> **DIRECTIONS**:
When you reach the line containing "Bavoir bb personnalis" in the entries below, begin reproducing lines exactly, and stop once the line containing "Hanoi renforce sa" is done.

(Short web captions)
....................

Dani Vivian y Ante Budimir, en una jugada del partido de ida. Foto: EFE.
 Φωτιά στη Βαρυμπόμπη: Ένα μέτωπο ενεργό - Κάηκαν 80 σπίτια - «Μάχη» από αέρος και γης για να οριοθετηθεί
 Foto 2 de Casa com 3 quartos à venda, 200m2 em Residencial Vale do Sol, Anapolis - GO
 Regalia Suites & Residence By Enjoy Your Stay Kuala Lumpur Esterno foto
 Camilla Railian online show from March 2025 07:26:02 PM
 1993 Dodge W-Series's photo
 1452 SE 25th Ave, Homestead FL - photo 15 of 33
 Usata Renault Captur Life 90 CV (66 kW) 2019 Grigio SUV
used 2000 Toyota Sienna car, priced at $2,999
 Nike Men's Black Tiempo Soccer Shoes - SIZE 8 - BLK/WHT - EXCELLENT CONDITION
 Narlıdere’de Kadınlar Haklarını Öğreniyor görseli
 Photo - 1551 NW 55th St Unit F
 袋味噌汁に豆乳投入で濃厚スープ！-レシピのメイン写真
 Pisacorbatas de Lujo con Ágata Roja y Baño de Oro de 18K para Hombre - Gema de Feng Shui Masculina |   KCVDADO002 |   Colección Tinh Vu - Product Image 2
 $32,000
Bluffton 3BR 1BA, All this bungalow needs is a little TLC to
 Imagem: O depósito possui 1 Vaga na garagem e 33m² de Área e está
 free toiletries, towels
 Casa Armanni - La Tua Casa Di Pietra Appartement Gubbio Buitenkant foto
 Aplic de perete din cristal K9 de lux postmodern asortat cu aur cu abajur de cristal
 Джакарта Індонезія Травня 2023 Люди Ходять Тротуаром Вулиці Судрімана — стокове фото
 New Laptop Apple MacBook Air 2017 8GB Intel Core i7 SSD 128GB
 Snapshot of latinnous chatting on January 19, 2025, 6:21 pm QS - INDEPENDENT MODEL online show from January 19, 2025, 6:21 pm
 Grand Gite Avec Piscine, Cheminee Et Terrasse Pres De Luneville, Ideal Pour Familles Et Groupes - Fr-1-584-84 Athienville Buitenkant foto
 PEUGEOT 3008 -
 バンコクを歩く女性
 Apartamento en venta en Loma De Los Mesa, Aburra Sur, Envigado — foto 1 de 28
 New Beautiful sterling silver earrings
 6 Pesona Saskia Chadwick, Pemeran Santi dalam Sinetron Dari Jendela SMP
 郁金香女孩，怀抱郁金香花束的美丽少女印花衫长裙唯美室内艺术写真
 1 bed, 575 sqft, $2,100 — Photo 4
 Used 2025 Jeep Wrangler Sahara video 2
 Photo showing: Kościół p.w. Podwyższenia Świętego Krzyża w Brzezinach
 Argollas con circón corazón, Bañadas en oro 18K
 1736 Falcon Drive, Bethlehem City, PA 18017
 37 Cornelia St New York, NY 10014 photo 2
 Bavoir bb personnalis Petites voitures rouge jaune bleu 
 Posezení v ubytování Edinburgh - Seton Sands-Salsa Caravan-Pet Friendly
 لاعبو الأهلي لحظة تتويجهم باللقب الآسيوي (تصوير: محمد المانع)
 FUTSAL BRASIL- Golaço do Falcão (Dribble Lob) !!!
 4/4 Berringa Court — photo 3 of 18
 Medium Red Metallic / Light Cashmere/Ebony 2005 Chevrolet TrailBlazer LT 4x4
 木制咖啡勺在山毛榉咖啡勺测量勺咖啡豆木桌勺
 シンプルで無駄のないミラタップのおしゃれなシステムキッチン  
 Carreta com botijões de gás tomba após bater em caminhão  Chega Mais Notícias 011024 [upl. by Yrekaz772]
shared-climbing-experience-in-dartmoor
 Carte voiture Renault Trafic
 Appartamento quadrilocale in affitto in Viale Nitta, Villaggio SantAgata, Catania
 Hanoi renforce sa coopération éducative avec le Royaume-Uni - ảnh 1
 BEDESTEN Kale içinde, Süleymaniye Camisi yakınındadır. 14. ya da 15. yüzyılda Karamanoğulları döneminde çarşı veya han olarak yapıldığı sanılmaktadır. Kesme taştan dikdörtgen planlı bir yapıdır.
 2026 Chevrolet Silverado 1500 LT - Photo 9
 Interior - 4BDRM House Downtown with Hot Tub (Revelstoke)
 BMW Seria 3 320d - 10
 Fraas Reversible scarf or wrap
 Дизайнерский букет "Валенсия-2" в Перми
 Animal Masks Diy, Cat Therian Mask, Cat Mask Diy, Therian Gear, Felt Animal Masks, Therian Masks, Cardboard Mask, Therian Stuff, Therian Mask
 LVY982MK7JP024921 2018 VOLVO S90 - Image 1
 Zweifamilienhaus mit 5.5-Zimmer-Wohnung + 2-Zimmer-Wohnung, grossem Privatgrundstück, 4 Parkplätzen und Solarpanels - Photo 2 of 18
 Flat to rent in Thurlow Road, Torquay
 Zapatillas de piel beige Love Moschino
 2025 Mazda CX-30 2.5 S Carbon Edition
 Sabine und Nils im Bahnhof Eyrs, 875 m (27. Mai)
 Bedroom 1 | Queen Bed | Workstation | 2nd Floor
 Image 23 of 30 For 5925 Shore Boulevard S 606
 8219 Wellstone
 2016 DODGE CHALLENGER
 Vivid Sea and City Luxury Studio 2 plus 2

....................

> **EXERCISE ANSWER**:
 Bavoir bb personnalis Petites voitures rouge jaune bleu 
 Posezení v ubytování Edinburgh - Seton Sands-Salsa Caravan-Pet Friendly
 لاعبو الأهلي لحظة تتويجهم باللقب الآسيوي (تصوير: محمد المانع)
 FUTSAL BRASIL- Golaço do Falcão (Dribble Lob) !!!
 4/4 Berringa Court — photo 3 of 18
 Medium Red Metallic / Light Cashmere/Ebony 2005 Chevrolet TrailBlazer LT 4x4
 木制咖啡勺在山毛榉咖啡勺测量勺咖啡豆木桌勺
 シンプルで無駄のないミラタップのおしゃれなシステムキッチン  
 Carreta com botijões de gás tomba após bater em caminhão  Chega Mais Notícias 011024 [upl. by Yrekaz772]
shared-climbing-experience-in-dartmoor
 Carte voiture Renault Trafic
 Appartamento quadrilocale in affitto in Viale Nitta, Villaggio SantAgata, Catania
 Hanoi renforce sa coopération éducative avec le Royaume-Uni - ảnh 1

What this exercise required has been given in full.